- **YOUR OBJECTIVE**
Find the line below with "3PCS Cat Toothbrush" and the line with "Navidad / Star". Output them and the lines between, exactly, but not the pictures.

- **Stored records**
*** Begin section ***
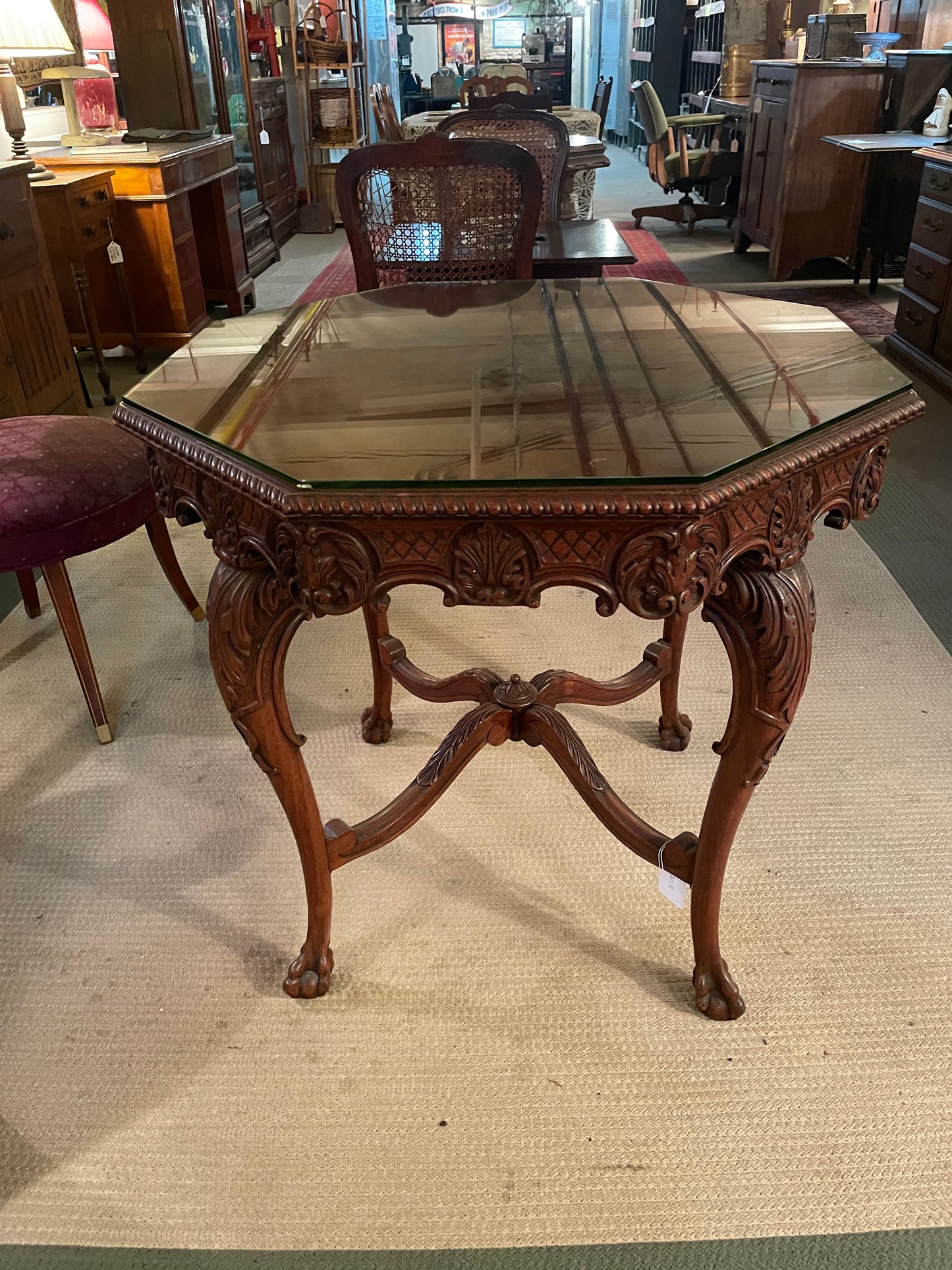 Antique French Louis XV Hand Carved Table with Glass Top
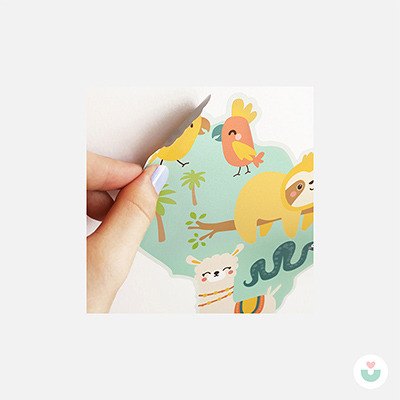 Hayvanlar Alemi Dünya Haritası Duvar Sticker - 6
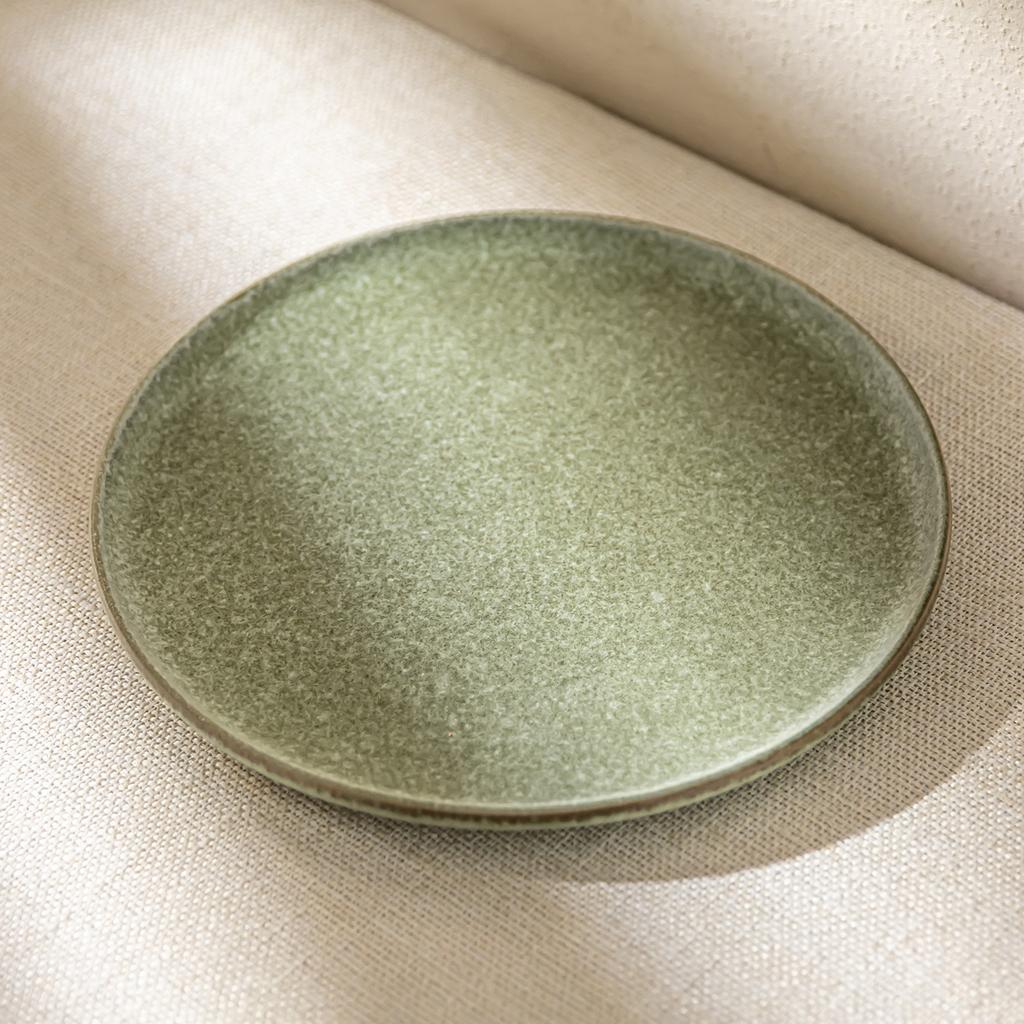 Retro Green Glaze Ceramic Shallow Plate Breakfast Plate Wabi-**** Wind Household Noodle Plate Western Food Plate Creative Cooking Plate Tableware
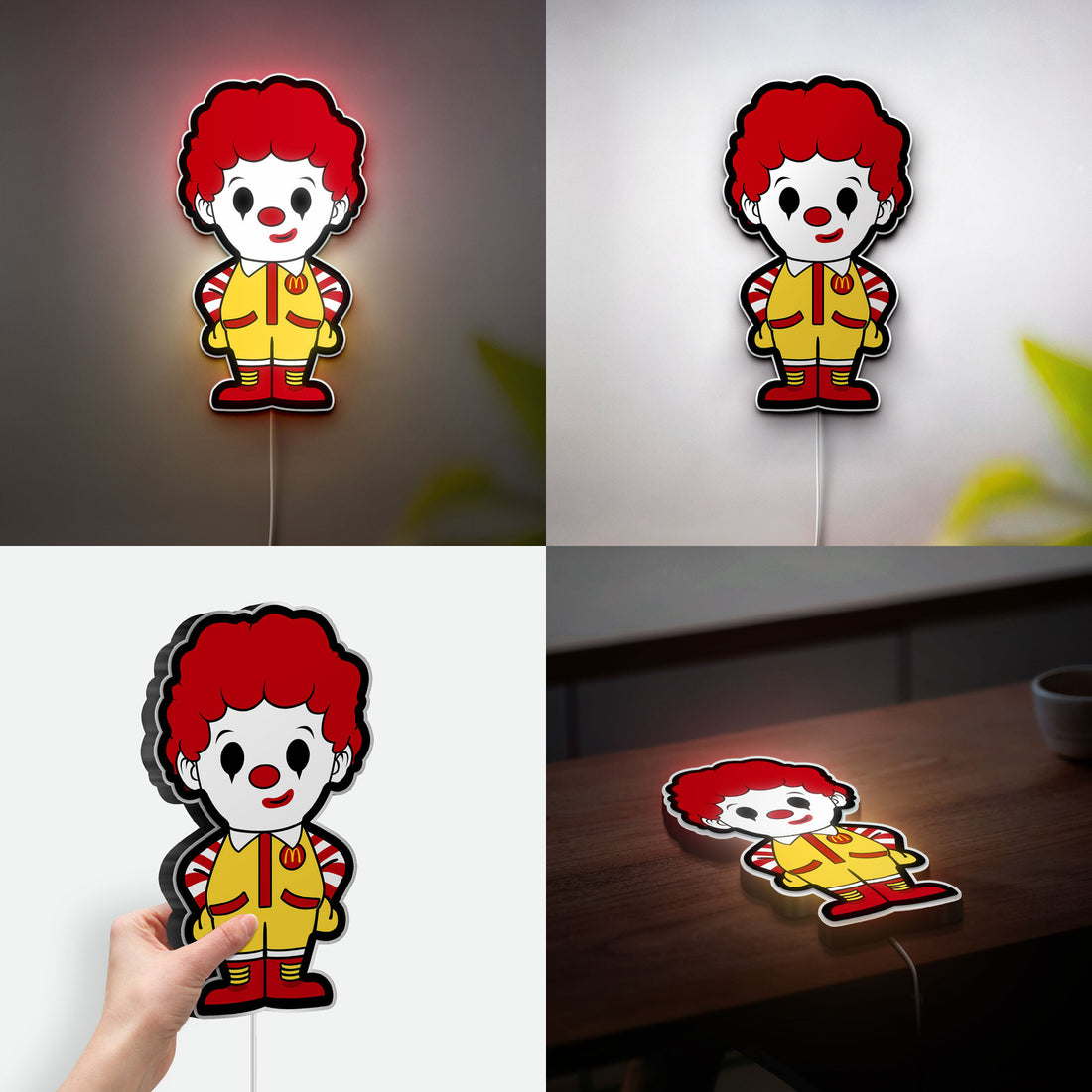 Chibi Ronald McDonald 3D Light Box - Retro Fast Food LED Night Light, Nostalgic Cartoon Decor for McDonald's Fans & Collectors
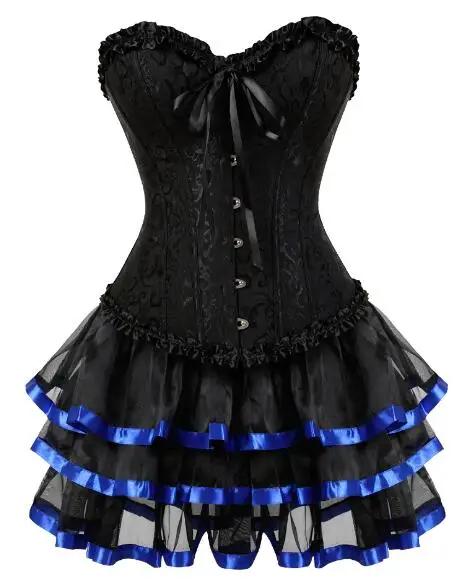 Corset Dress Skirts Set Tutu for Women Party Bustiers Costume Sexy Lace Up Vintage Corselet Clothing Black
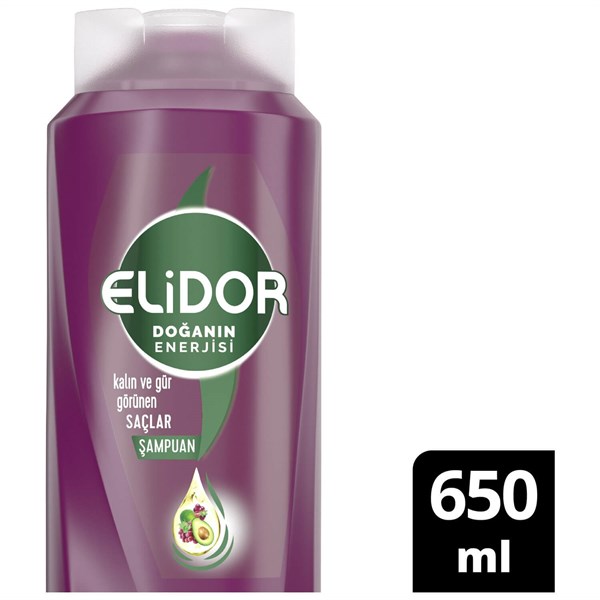 Elidor Doğanın Enerjisi Kalın ve Gür Saçlar Şampuan 650 ML Avokado Üzüm Çekirdeği Yağı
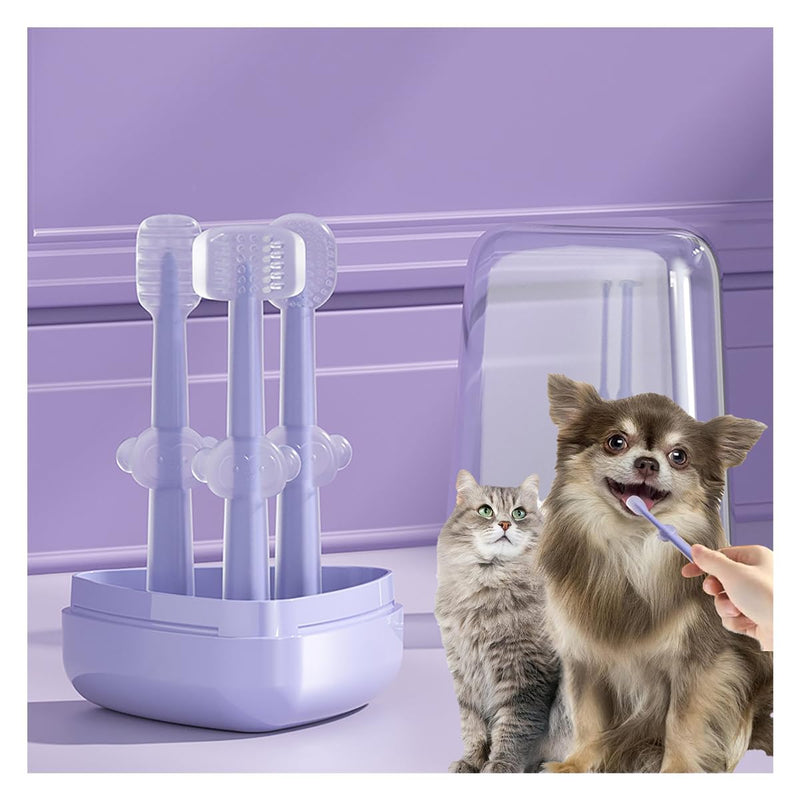 3PCS Cat Toothbrush Kit, Dog Toothbrush Kit, Pet Toothbrush Set for Cats and Dogs - Complete Oral Care with Soft Bristles - Ideal for Teeth Cleaning, Dental Hygiene, Plaque Removal - PawsPlanet Australia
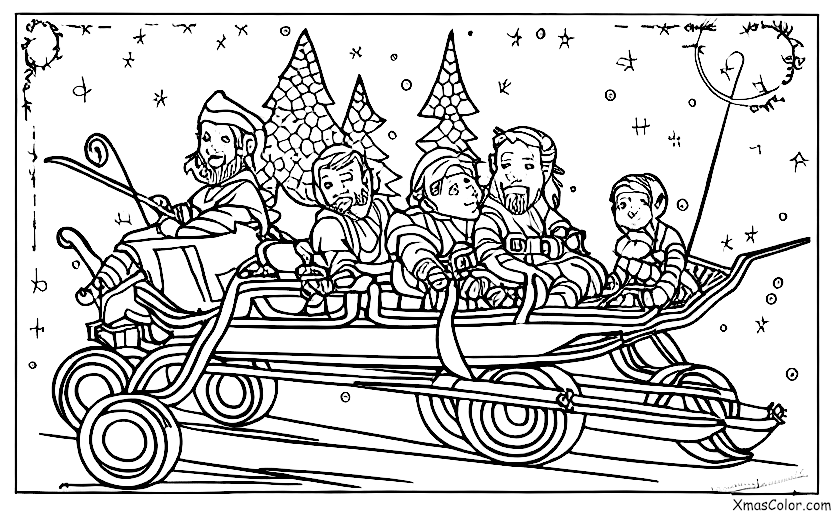 Navidad / Star Wars Navidad: Obi Wan Kenobi y Qui Gon Jinn montados en un trineo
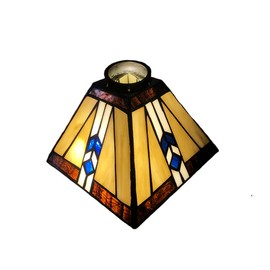 HUIMEIJU Tiffany glass shade, stained glass square shade, geometric pattern shade, wall lamp, pendant shade, replacement shade. Small Gray Glass Square Lamp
*** End section ***
- **SOLVED EXERCISE**
 3PCS Cat Toothbrush Kit, Dog Toothbrush Kit, Pet Toothbrush Set for Cats and Dogs - Complete Oral Care with Soft Bristles - Ideal for Teeth Cleaning, Dental Hygiene, Plaque Removal - PawsPlanet Australia
 Navidad / Star Wars Navidad: Obi Wan Kenobi y Qui Gon Jinn montados en un trineo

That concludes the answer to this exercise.